*Exercise requirements:*
Retype exactly what appears below from the line containing "Polar Express Boarding" down to the line containing "Spring and Summer", keeping both end lines. Do not include pictures.

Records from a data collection

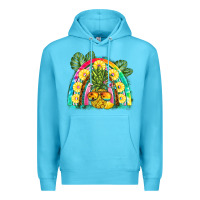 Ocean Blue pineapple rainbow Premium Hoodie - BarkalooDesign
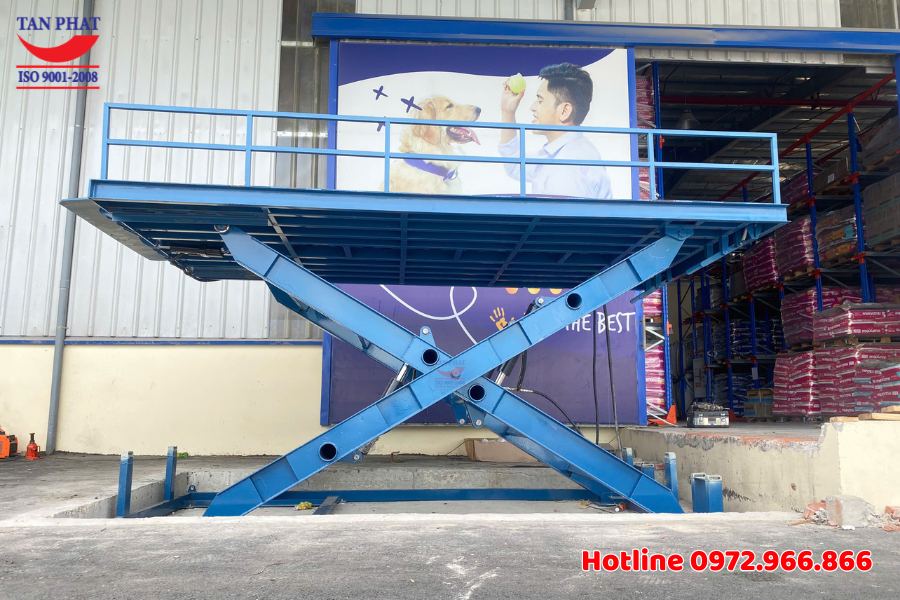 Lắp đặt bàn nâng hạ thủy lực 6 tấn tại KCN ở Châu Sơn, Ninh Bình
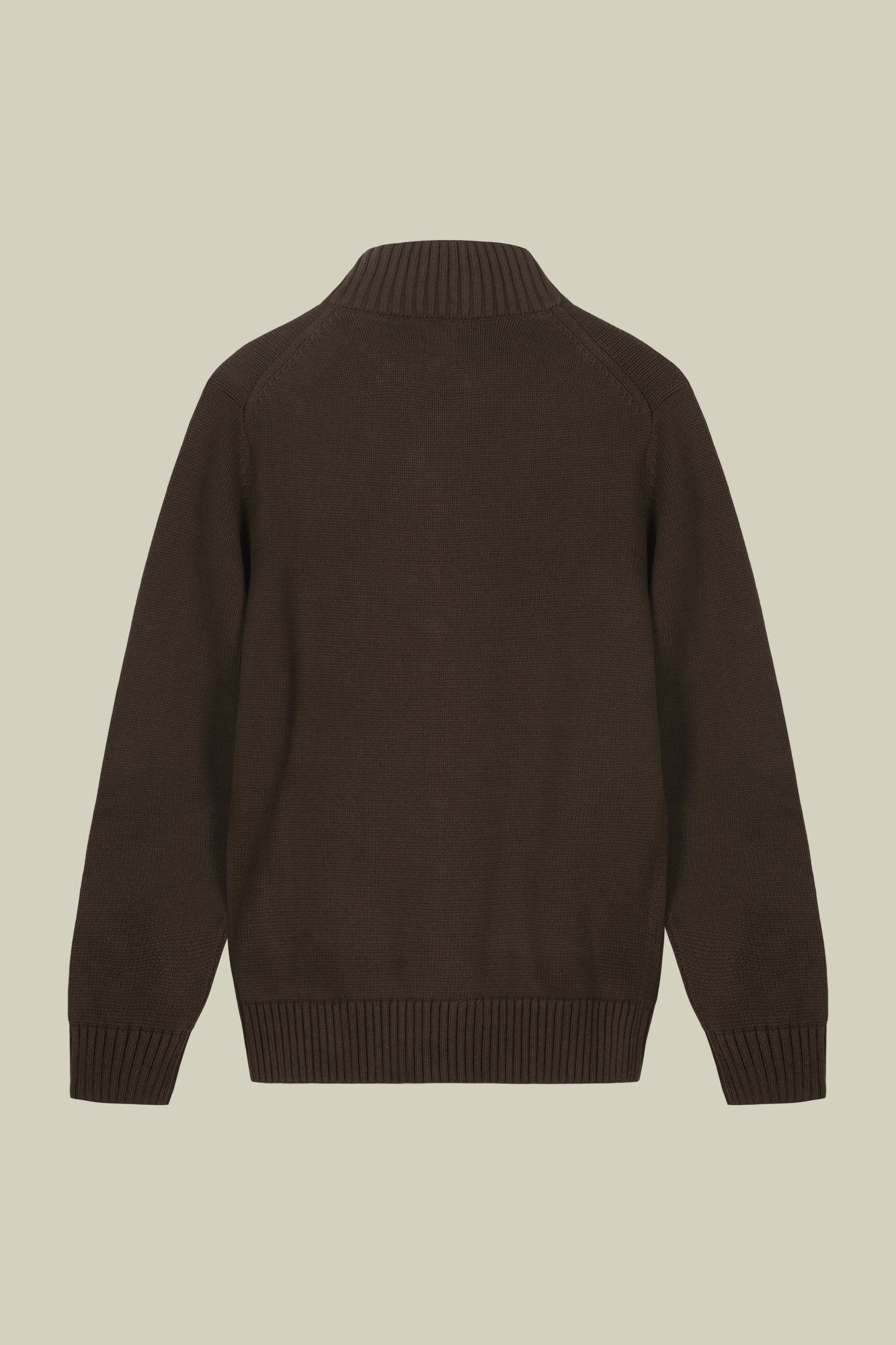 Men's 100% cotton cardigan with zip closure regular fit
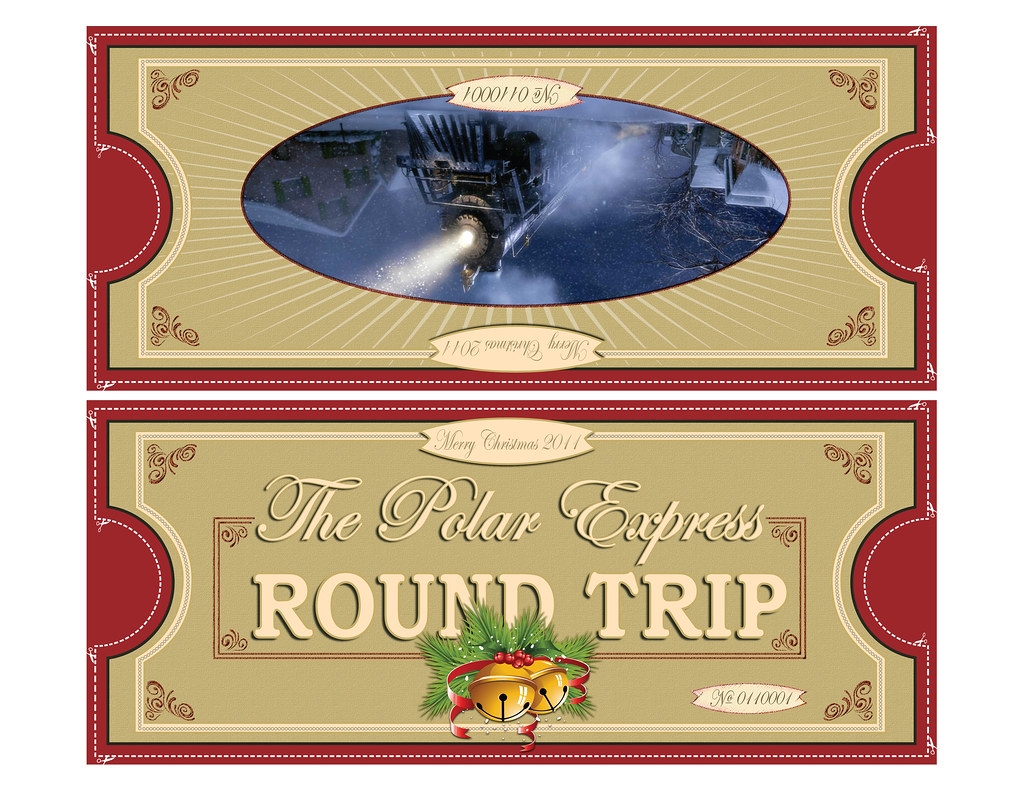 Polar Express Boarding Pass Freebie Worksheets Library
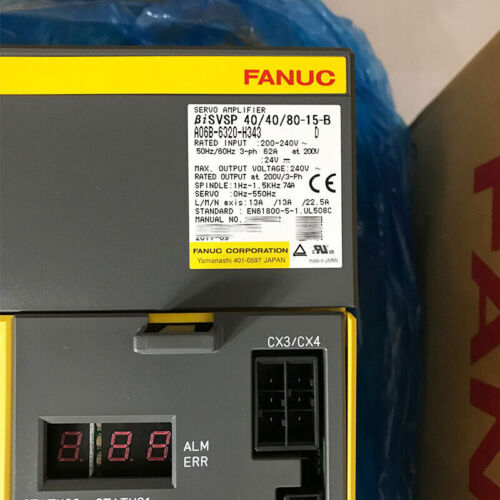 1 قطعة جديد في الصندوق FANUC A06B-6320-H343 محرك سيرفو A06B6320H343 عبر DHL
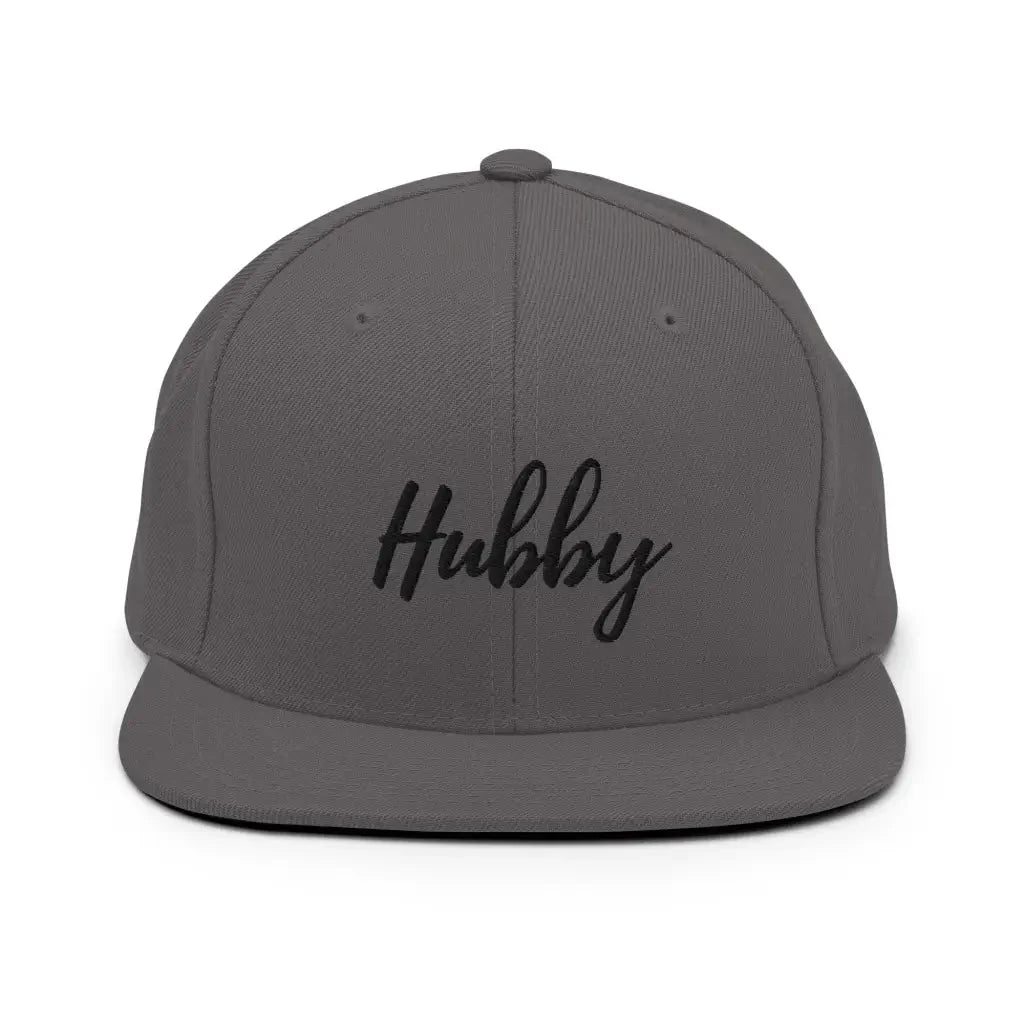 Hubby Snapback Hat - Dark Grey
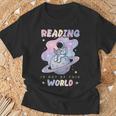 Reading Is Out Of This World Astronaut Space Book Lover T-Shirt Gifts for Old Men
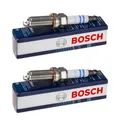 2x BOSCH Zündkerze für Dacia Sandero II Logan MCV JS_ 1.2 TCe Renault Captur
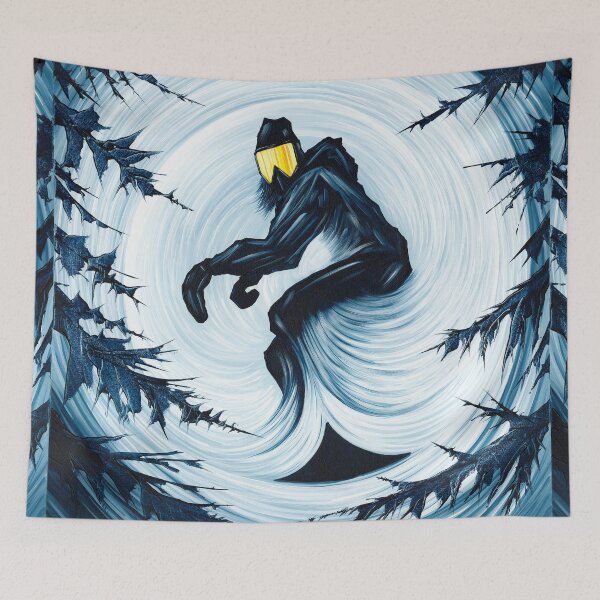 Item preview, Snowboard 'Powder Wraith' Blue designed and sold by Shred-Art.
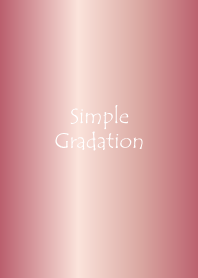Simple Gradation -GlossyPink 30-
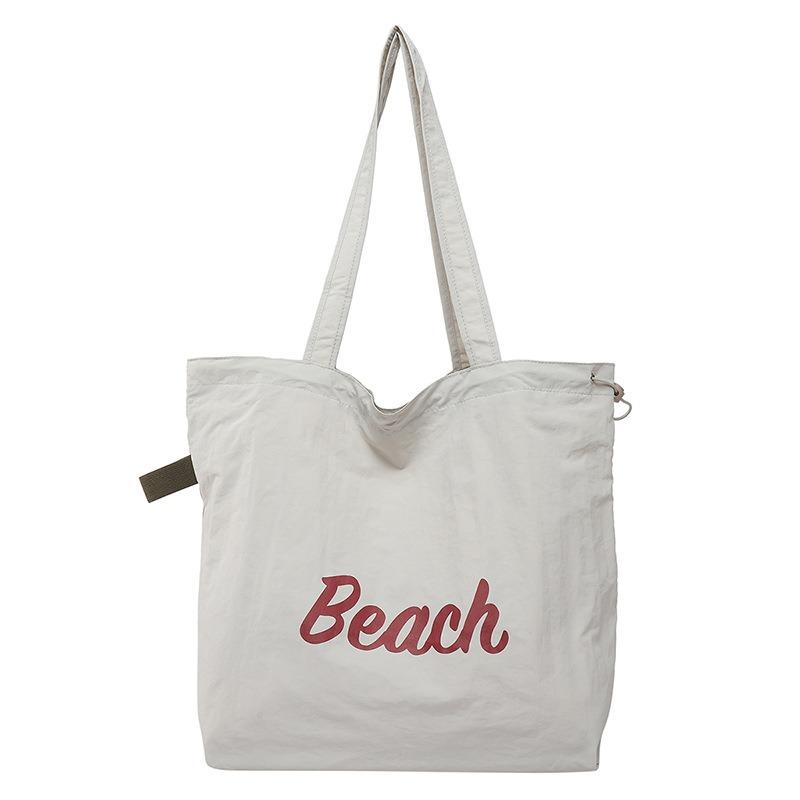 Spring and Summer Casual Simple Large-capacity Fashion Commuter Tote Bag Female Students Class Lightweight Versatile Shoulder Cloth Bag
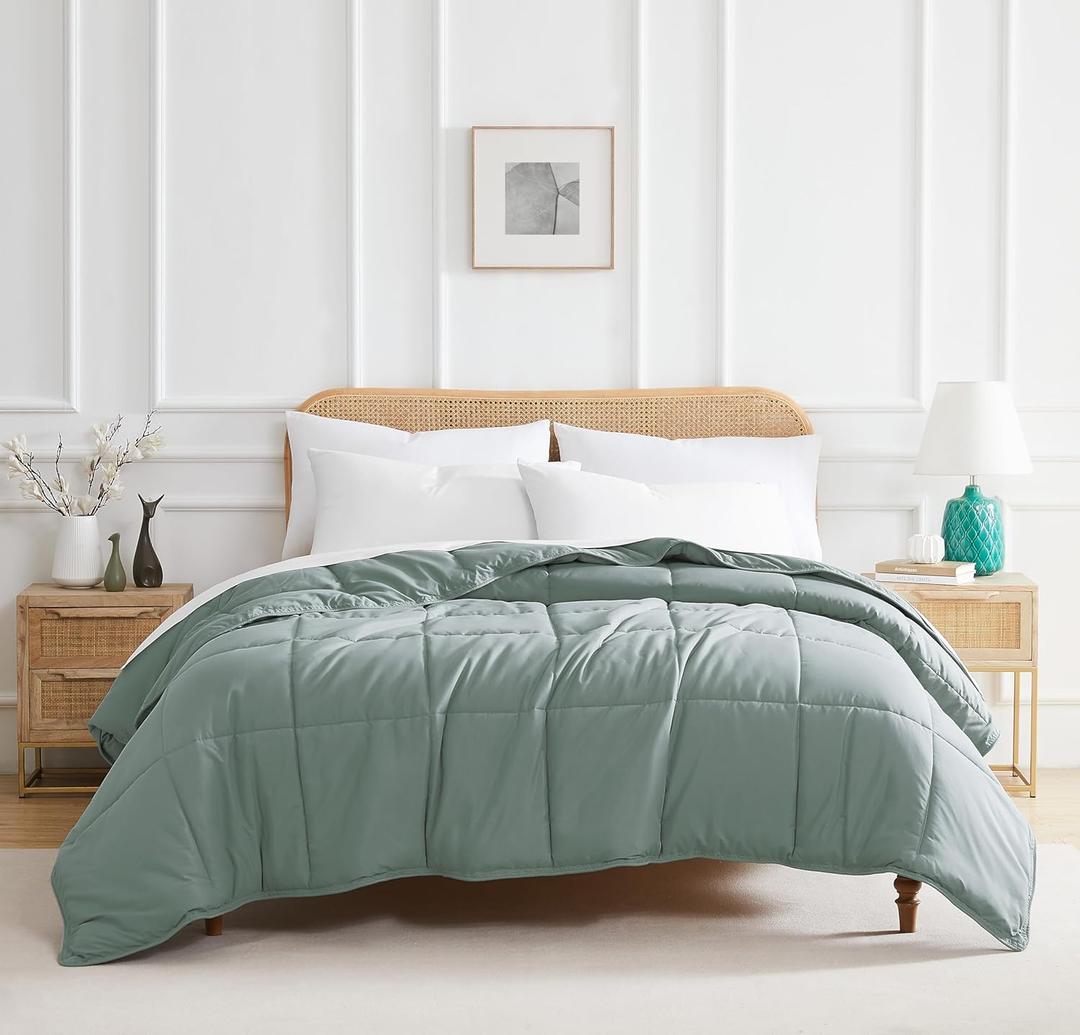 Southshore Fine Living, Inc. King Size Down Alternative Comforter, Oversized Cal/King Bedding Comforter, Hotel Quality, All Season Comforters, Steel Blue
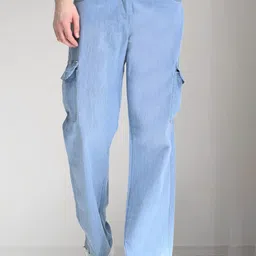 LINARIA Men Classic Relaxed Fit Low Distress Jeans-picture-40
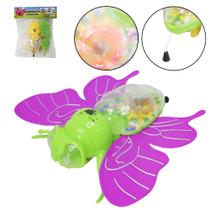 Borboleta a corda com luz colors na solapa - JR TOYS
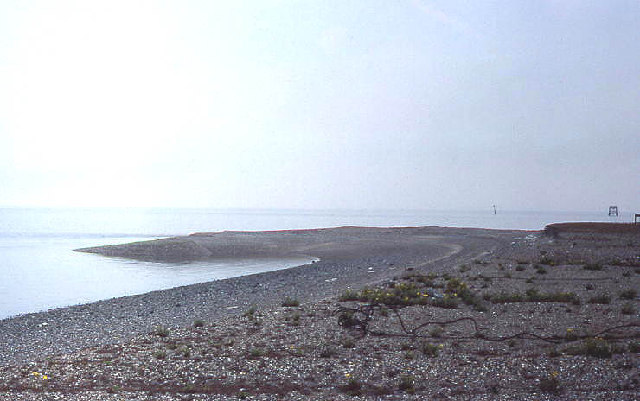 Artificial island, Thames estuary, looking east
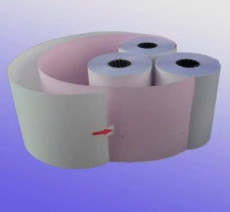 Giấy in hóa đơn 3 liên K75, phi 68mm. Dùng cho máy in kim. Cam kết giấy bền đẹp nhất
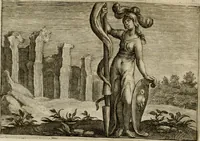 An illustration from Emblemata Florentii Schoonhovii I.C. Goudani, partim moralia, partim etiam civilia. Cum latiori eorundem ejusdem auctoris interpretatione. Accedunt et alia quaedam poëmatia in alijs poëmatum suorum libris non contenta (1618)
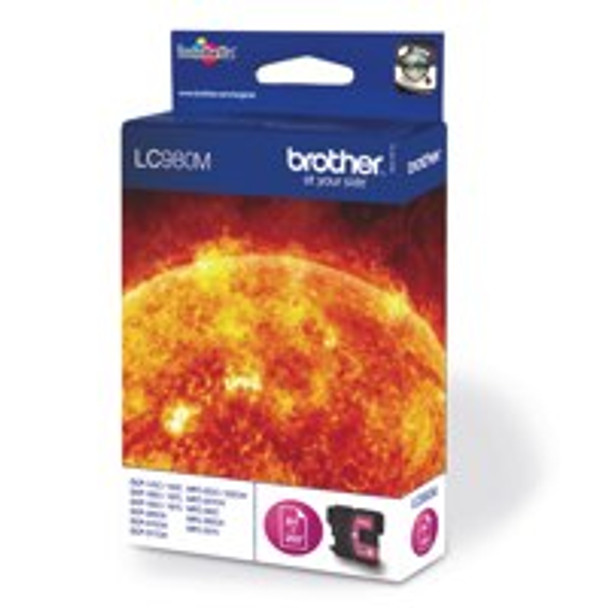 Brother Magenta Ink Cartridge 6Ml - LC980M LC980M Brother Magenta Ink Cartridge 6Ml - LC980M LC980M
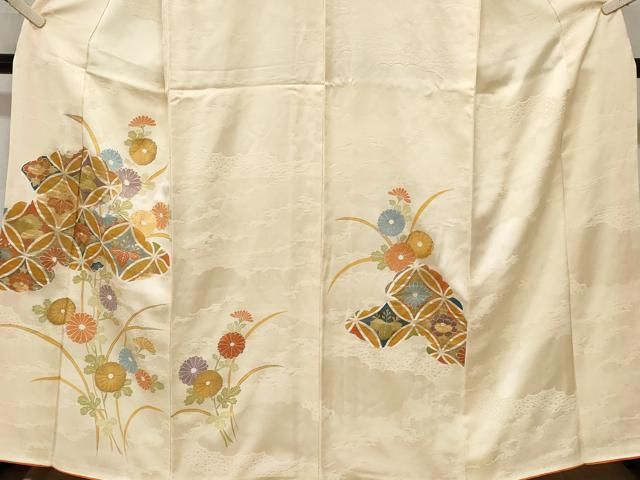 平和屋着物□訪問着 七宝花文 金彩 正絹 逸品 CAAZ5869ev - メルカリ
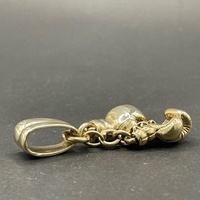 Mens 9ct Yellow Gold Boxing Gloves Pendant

*Solution to this problem:*
 Polar Express Boarding Pass Freebie Worksheets Library
 1 قطعة جديد في الصندوق FANUC A06B-6320-H343 محرك سيرفو A06B6320H343 عبر DHL
 Hubby Snapback Hat - Dark Grey
 Reading Is Out Of This World Astronaut Space Book Lover T-Shirt Gifts for Old Men
 2x BOSCH Zündkerze für Dacia Sandero II Logan MCV JS_ 1.2 TCe Renault Captur
 Item preview, Snowboard 'Powder Wraith' Blue designed and sold by Shred-Art.
Simple Gradation -GlossyPink 30-
 Spring and Summer Casual Simple Large-capacity Fashion Commuter Tote Bag Female Students Class Lightweight Versatile Shoulder Cloth Bag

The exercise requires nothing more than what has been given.